People writing on a whiteboard
The photo above has a good composition, and is interesting as well as compelling.

  • The subjects aren’t centered.
  • You can see that the man is writing on a whiteboard, but you can’t see what he’s writing. The focus of the photo is the people, and being able to clearly see the writing would just be distracting.
  • The photo was taken from an angle where you can see the people’s faces – they’re what’s important, not what they’re writing.
  • There’s ample space around the left, right, and top of the subjects.
  • The lighting is bright and even.
Bad composition

Man writing on a whiteboard
The photo above, in contrast, has a bad composition.

  • Even though the man is off to the side, the whiteboard (the subject) is centered.
  • If the whiteboard is the subject, it’s difficult to see what is written on it – get closer!
  • Half of the man is awkwardly cut off.
  • There’s a distracting bright red can of soda in the midground.
  • There’s a lot of boring empty space off to the right – everything is packed in on the left.
People and spaces
Good composition

People standing outside their office door with a banner above them
This one nailed it.

  • The people are solidly in their space, and are standing in interesting stances.
  • You can see their entire space – it isn’t distracting because it’s supposed to be part of the photo. They’re showing off their resource center!
  • The text “” is relevant to the photo and the full text is included.
  • The lighting is even and the photo is in focus.
So close!

Group of women and 'Women's Resource center', but their feet are cut off
This photo almost has a good composition (even though the focus isn’t great).

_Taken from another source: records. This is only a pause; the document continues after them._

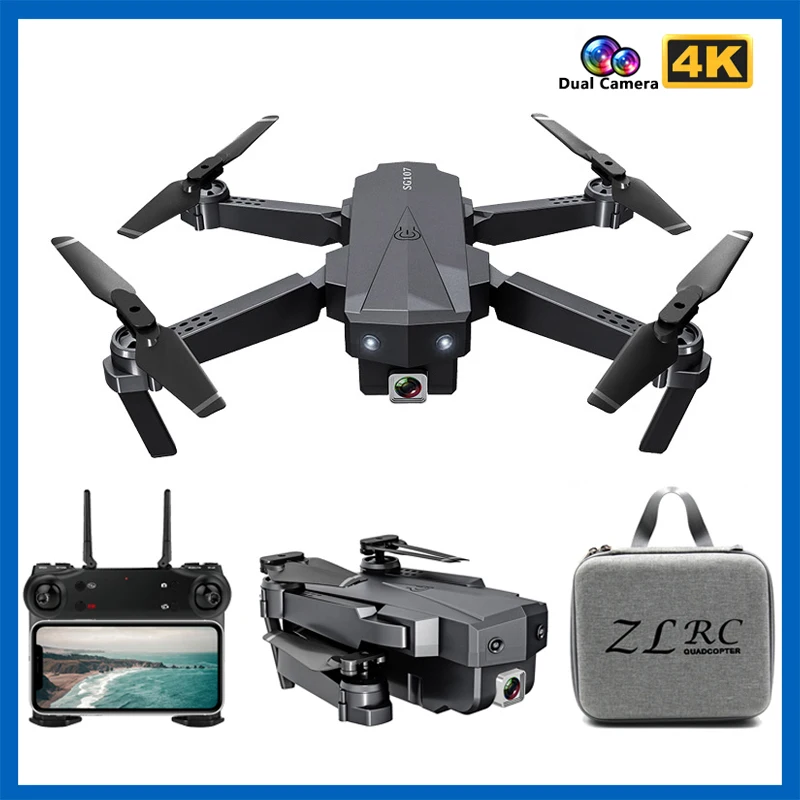 

ZLL SG107 Mini Drone 4K WIFI FPV Single Camera Drone profesional Dual Camera optical flow 50X time zoom Quadcopter RC Dron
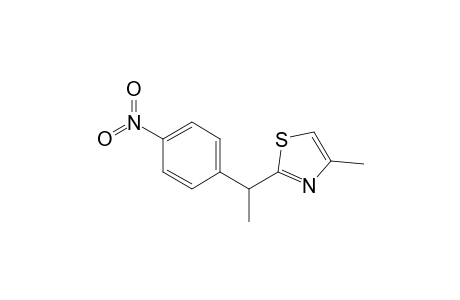 4-Methyl-2-[1-(4-nitrophenyl)ethyl]thiazole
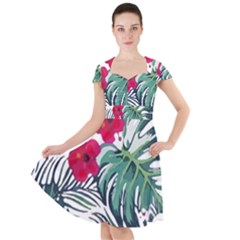 Hawaii T- Shirt Hawaii Antler Garden T- Shirt Cap Sleeve Midi Dress by maxcute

  • The minimal wall background isn’t distracting.
  • The “women’s resource center” text gives the photo context and is interesting.
  • The women are off to the side.
  • But their feet are cut off!
Avoiding clutter
Good composition

Choose a hero
Hats on a stand

Model or use it
Woman wearing a hat

  • The photos above aren’t cluttered.
  • There’s a hero – a main subject.
  • The blurred background and white background aren’t distracting.
Bad composition

Very cluttered image of hats on top of scarves - you can't tell what the picture is supposed to be of

  • The photo above is very cluttered.
  • Viewers don’t know where to look, and it’s difficult to see or identify the subject.
  • Better: shoot the products against a plain background, shoot fewer items at once, or have someone use or model the products.
  • Choose a hero! Everything in this photo is competing to be the most important.
  • Limit the use of color and patterns. In this photo, it’s difficult to differentiate the products from each other and from the background.